The hopes of America seeing one of their own reach the US Open final were dashed when their last representative in the men’s draw crashed out at the quarter-final stage in what was a battle between two giants with huge serves.
Kevin Anderson, the 6’8” South African, downed 6’6” local hope Sam Querrey 7-6(5) 6-7(9) 6-3 7-6(7) to reach his first grand slam semi-final where he faces Spain’s Pablo Carreno Busta, also making his debut at the same stage of a grand slam.
Losing the second set was really tough but I played each point at a time and it paid big dividends for me today, Against him, it's just a couple of points here or there. Kevin Anderson
As the result shows it was battle of servers with the 17th seeded Querrey handing the initiative to Anderson when he dropped the first set tie-breaker by losing five points in a row under the lights of the Arthur Ashe Stadium.

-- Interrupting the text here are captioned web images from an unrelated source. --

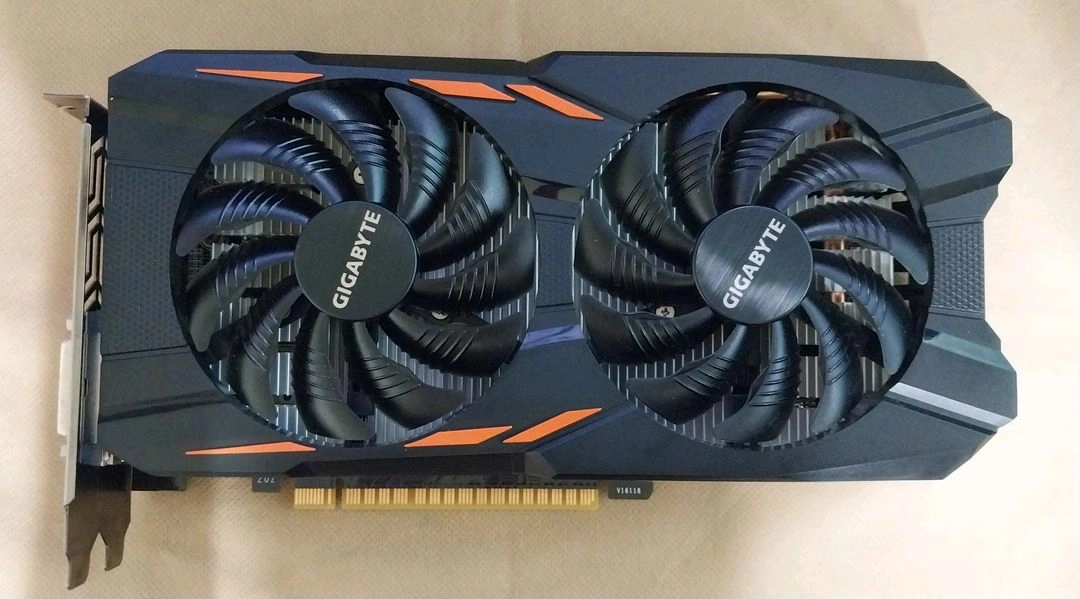 기가바이트 GTX1050 2G 이미지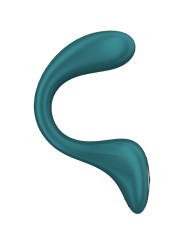 SATISFYER - G FOR GODDESS 2 RABBIT VIBRATOR BOTTLE GREEN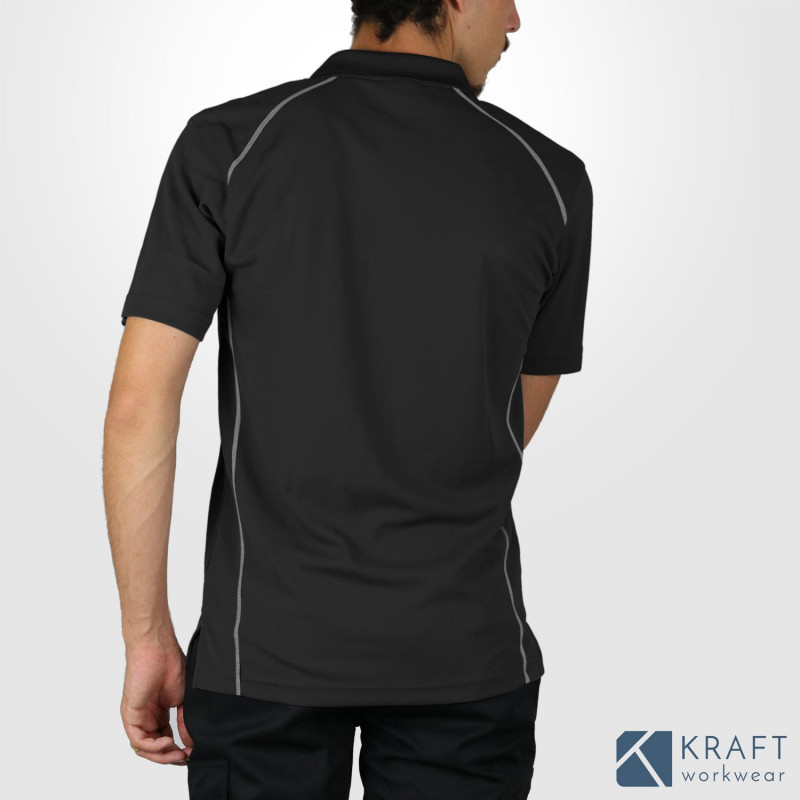 Polo de travail respirant anti-odeurs Blaklader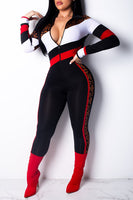 Fancy Racer Jumpsuit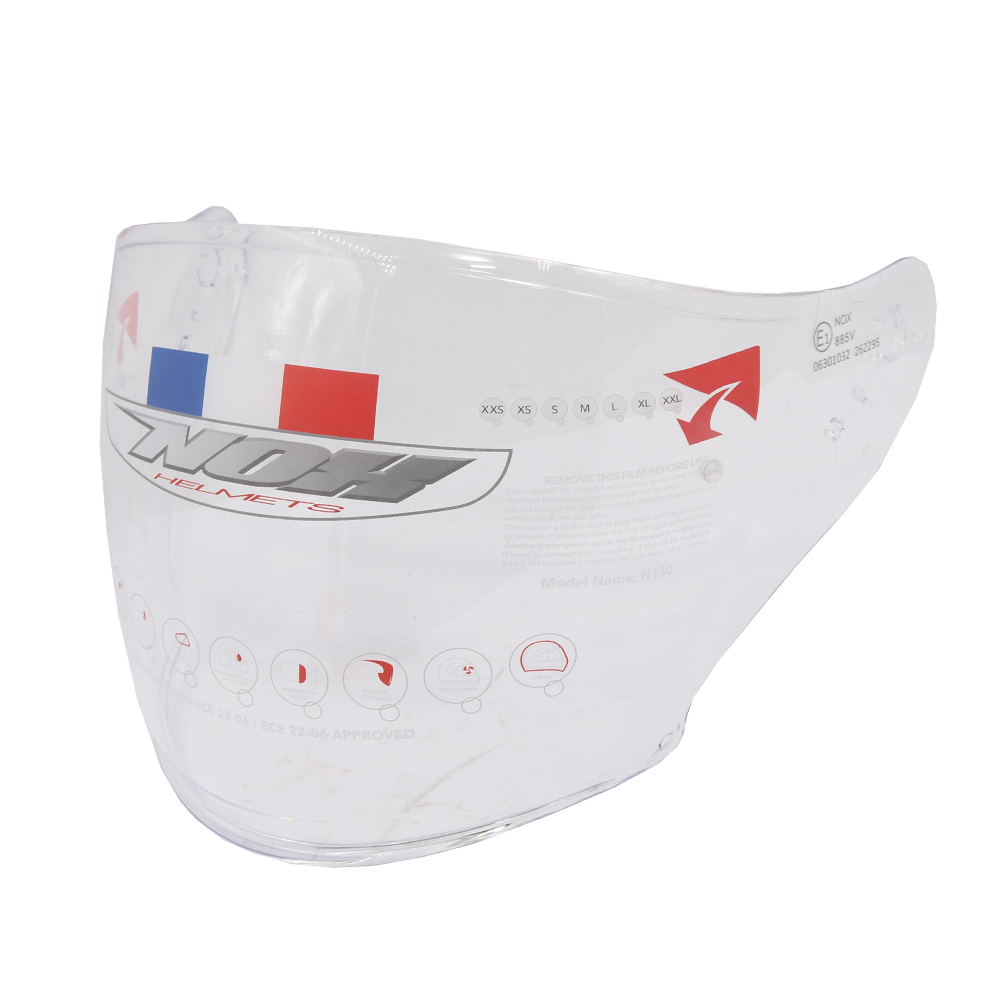 Vizir kacige NOX N130 – providan Vizir kacige NOX N130 – providan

With neither player able to break serve in the first set, the favourite to progress looked set to do just that when he led 5-2 in the tie-breaker only for Anderson to open his shoulders to snatch the set.
There was an early exchange of breaks in the second set only for Querrey to suffer another meltdown when leading 6-1 in the inevitable tie-break but this time picked himself up to level the match on his eighth set point to raise the hopes of the crowd looking to see an American in the last four for the first time since Andy Roddick in 2006.
In the third Anderson regained the initiative gaining a decisive break in the sixth game as Querrey struggled with his first serve. He held that break and finished off the set with a blistering forehand down the line to take a two sets to one lead.
The fourth set was tightly contested and for a third time, a tie-break was required to separate the two players.
Querrey saved a first match point with an ace at 6-5, set up a set point at 7-6, which Anderson held off by forcing his opponent to slice a backhand into the net.
The second match point was good enough for the 31-year-old 28th seeded Anderson, who dominated the rally until Querrey’s forehand sailed long just before 2am Wednesday morning.
After nearly three and a half hours of play, Anderson finished with 22 aces to Querrey’s 20.
“This is incredible, at this stage and playing on one of the most famous courts in the world, it feels absolutely fantastic,” said Anderson, who became the first South African player to reach the last four of the US Open since tennis turned professional in 1968.
“Losing the second set was really tough but I played each point at a time and it paid big dividends for me today,” Anderson, playing his 34th major, said. “Against him, it’s just a couple of points here or there.”
“I’ve put in a lot of work, so it feels good to reach a milestone I haven’t before.”
Remembering his loss to Querrey at Wimbledon last July, he added: “Tonight was my night.”
Anderson will take on 12th-seeded Pablo Carreno Busta who earlier in the day was the first to gain a place in the semi-finals following a straightforward 6-4 6-4 6-2 victory over Diego Schwartzman of Argentina, the 29th seed.
The Spaniard’s passage into the last eight had been relatively easy as he faced a qualifier in each of his matches before facing the diminutive Argentine, and in the process never dropped a set. In fact, he became the first player to face four qualifiers at a grand slam in the Open era and kept that record intact in his quarter-final clash.
“It is something that I always dreamed [of],” Carreno Busta said upon reaching his first major final.
“Of course, I know that I have a good draw here,” the Spaniard, who beat Canadian teenager Denis Shapovalov in three tiebreakers in round four, added.
“But when you have this draw, you have to do your best to take advantage, so I think that is a really good tournament for me. I know that I didn’t win matches against top players, top-10 or top-20 players, but I am very happy with my tournament.”
This was Carreno Busta’s second appearance at the quarter-finals stage of a grand slam having made the last eight at this year’s Roland Garros where he had to retire with abdominal problems while playing the eventual champion Rafa Nadal. He then missed Wimbledon.
This time he had no problems forcing the play by stepping into the court during rallies keeping Schartzman continually on the defensive well behind the baseline.
The only consolation for a disappointed Schwarzman is that at 5’7” he becomes the shortest quarterfinalist at a grand slam tournament since Jaime Yzaga at the 1994 US Open who was the same height. Had he been successful, the Argentine would have been the shortest semi-finalist in a major since 5’6” Harold Solomon at the 1980 French Open!